----- Data supplied

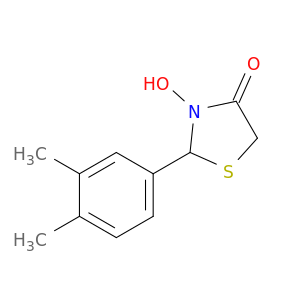 4-Thiazolidinone, 2-(3,4-dimethylphenyl)-3-hydroxy-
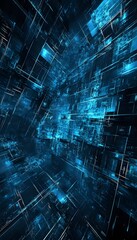 Poster - A Futuristic Digital Abstract Depicting Lines And Shapes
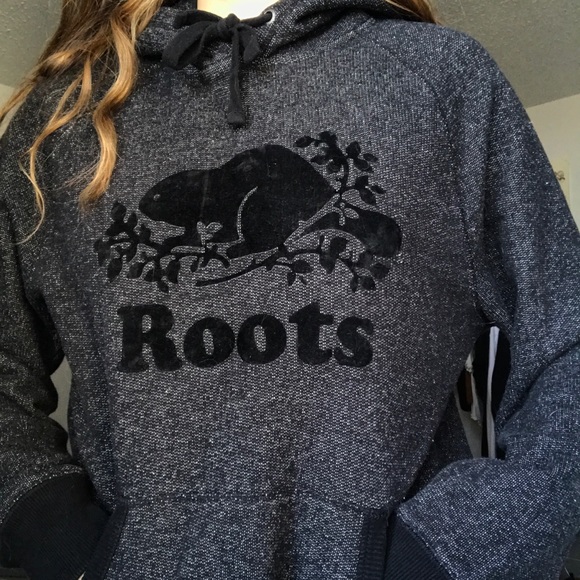roots black pepper hoodie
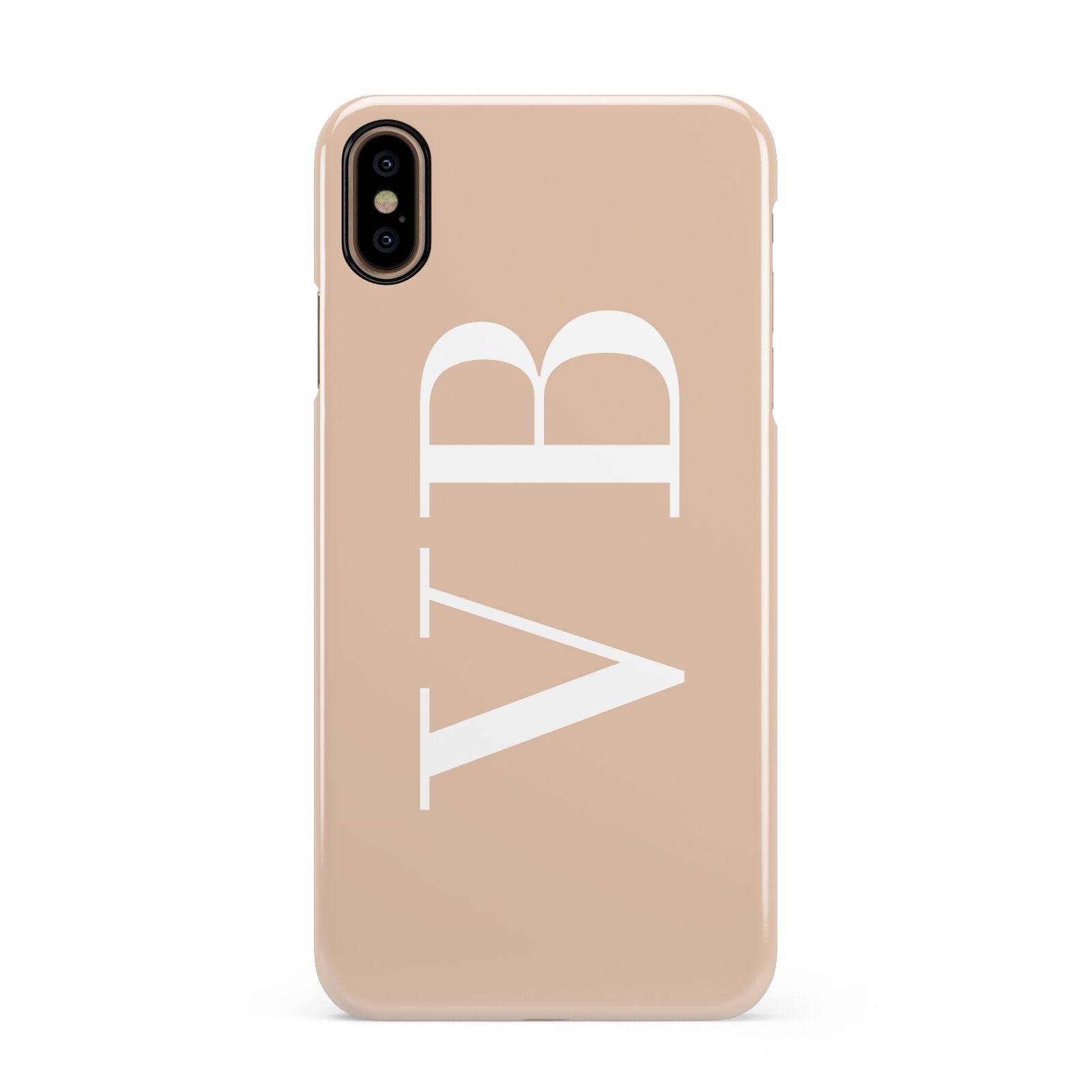 Nude And White Personalised Apple iPhone Xs Max 3D Snap Case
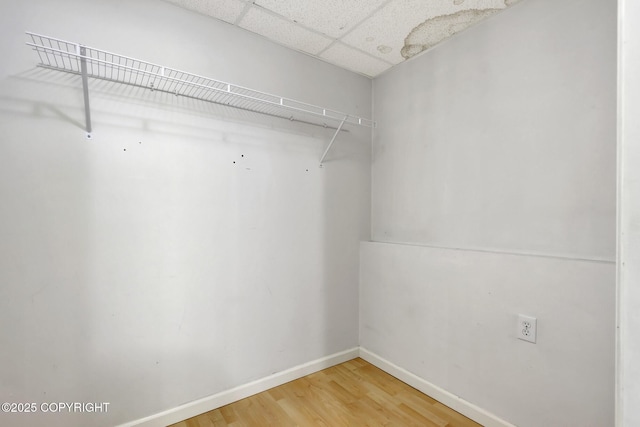 7810 Mae Rene Cir, Anchorage, AK 99502 - walk in closet featuring light wood-style flooring and a drop ceiling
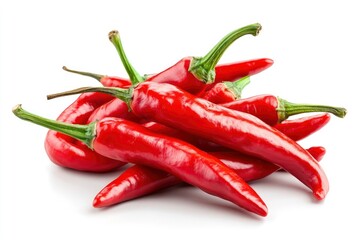 Chilli pepper isolated on white background - generative ai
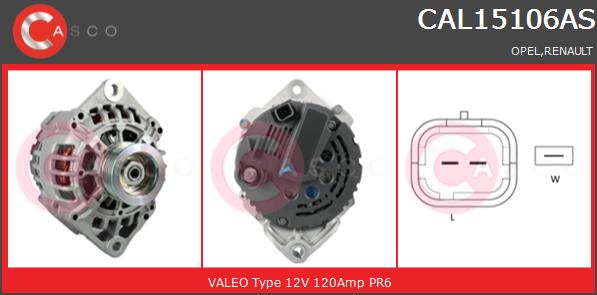 Alternator CASCO CAL15106AS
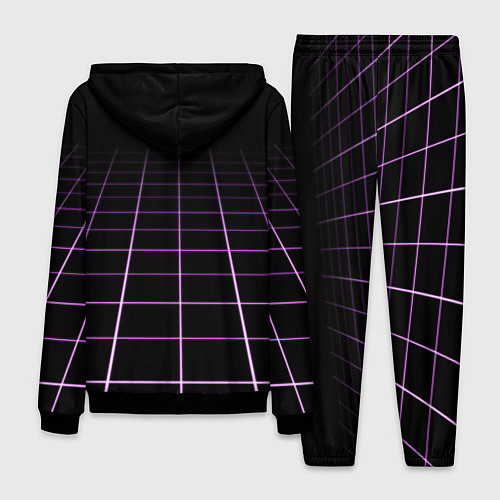 Мужской костюм Неоновая сетка - оптическая иллюзия / 3D-Черный – фото 2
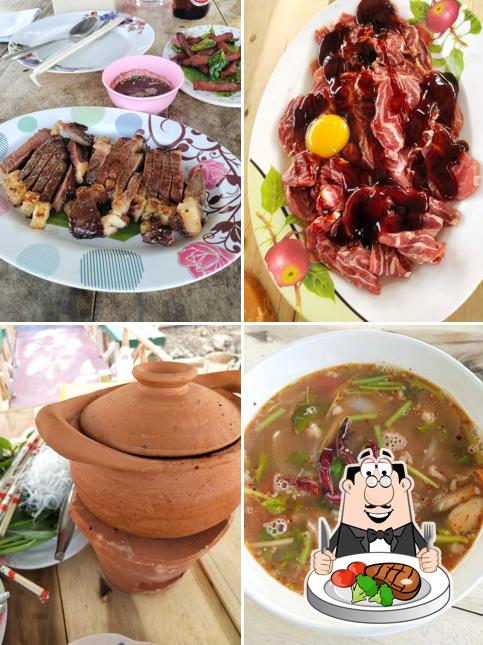 น่องลายจุ่มแซ่บ บ้านจ่า บางระจัน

----------

* Exercise
Only the lines from the one holding "Мужской костюм Неоновая" through the end of the data are to be printed, exactly as they stand and with no pictures.

* Answer to the exercise
 Мужской костюм Неоновая сетка - оптическая иллюзия / 3D-Черный – фото 2
 น่องลายจุ่มแซ่บ บ้านจ่า บางระจัน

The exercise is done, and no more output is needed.